This is the best book of nursery rhymes I have ever seen. The verses are original and get you through an entire day with a toddler or preschooler, and the illustrations of two little kids and their harried parents are charmingly old-fashioned. From waking up in the morning to going to sleep at bedtime -- it is all covered here. A bonus -- a this-little-piggy rhyme with lines for all 10 toes! My children are all grown up and yet I can recite it still. My old paperback is in shreds and when I recently found a like new, not ex-library, SIGNED edition for $50 on Alibris, you can bet I bought it! Please, someone -- republish this masterpiece!
I'm giving this book 1099 stars, thereby erasing any bad reviews that will ever come its way.
At the same time agreeing with those negative reviews. Both the content and illustrations in this book would be unacceptable to modern kid-lit reader (a demographic diminishing so rapidly, I doubt the kid-lit publishing industry notices it anymore).
My kids are in their twenties. The only reason I'm now thinking of this book is that I was recently talking to someone about poems we have memorized. I told her I don't have any poems memorized. But after some thought, I realized, that isn't quite true. Not that there's a lot of Keats or Elliot or Plath running around in my brain. But I do remember The Owl and the Pussycat, a fair amount of Milne, and this:
Handy dandy, maple candy, which hand do you choose? Hand with something in, you win; the other hand you lose.
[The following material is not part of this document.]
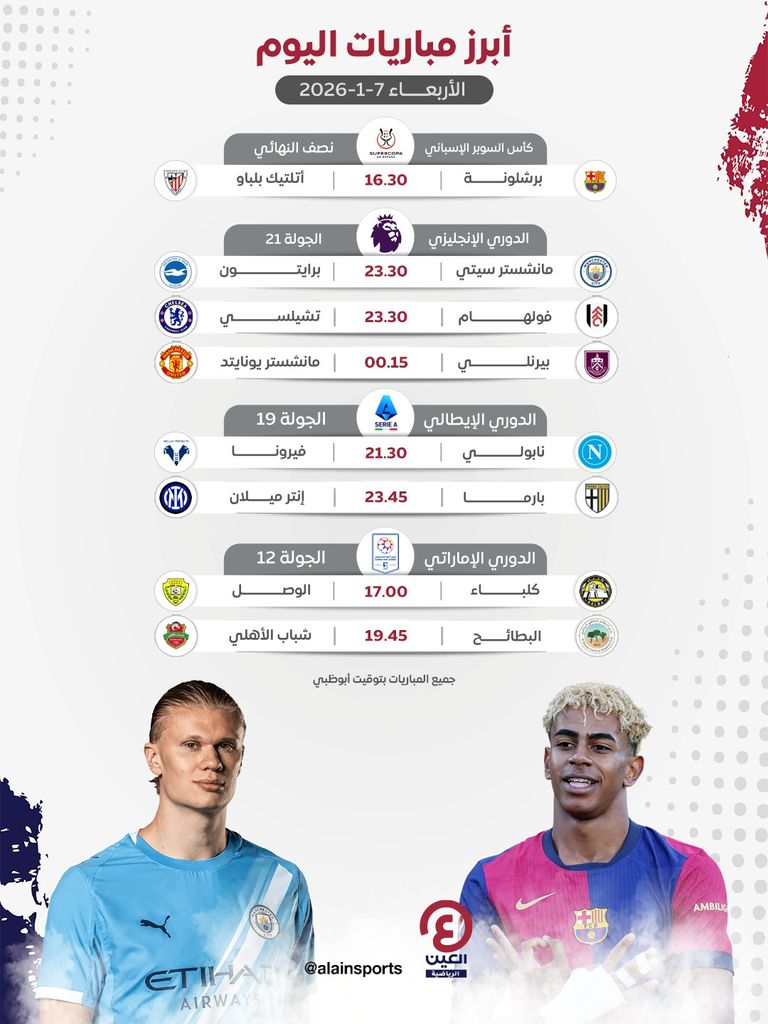 برشلونة وأتلتيك بلباو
Handy dandy, maple candy, Which hand do you pick? Dilly dally, shilly shally, Choose on and be quick!
No AP English test bribed me to remember this. It just stuck in my head. The words sound good. And introduces little kids to the idea that, sometimes, the hand you pick is going to be empty. You're going to get it wrong. You're not always going to get the candy. You're going to have to deal.
Unfortunately / fortunately, when I KonMaried my stuff last year, I lost this book. Holding it actually did give my a "frisson of joy," but I also figured this was a book that should go to actual children. So I gave it away.
But I'm still messing with my brain, trying to pull up poems. Here's one I only partially remember:
Once upon a time there was an old goat. He found a silver dollar in the lining of his coat. He went to the store, just to see what he could find, and he hemmed, and he hawed, till he made up his mind.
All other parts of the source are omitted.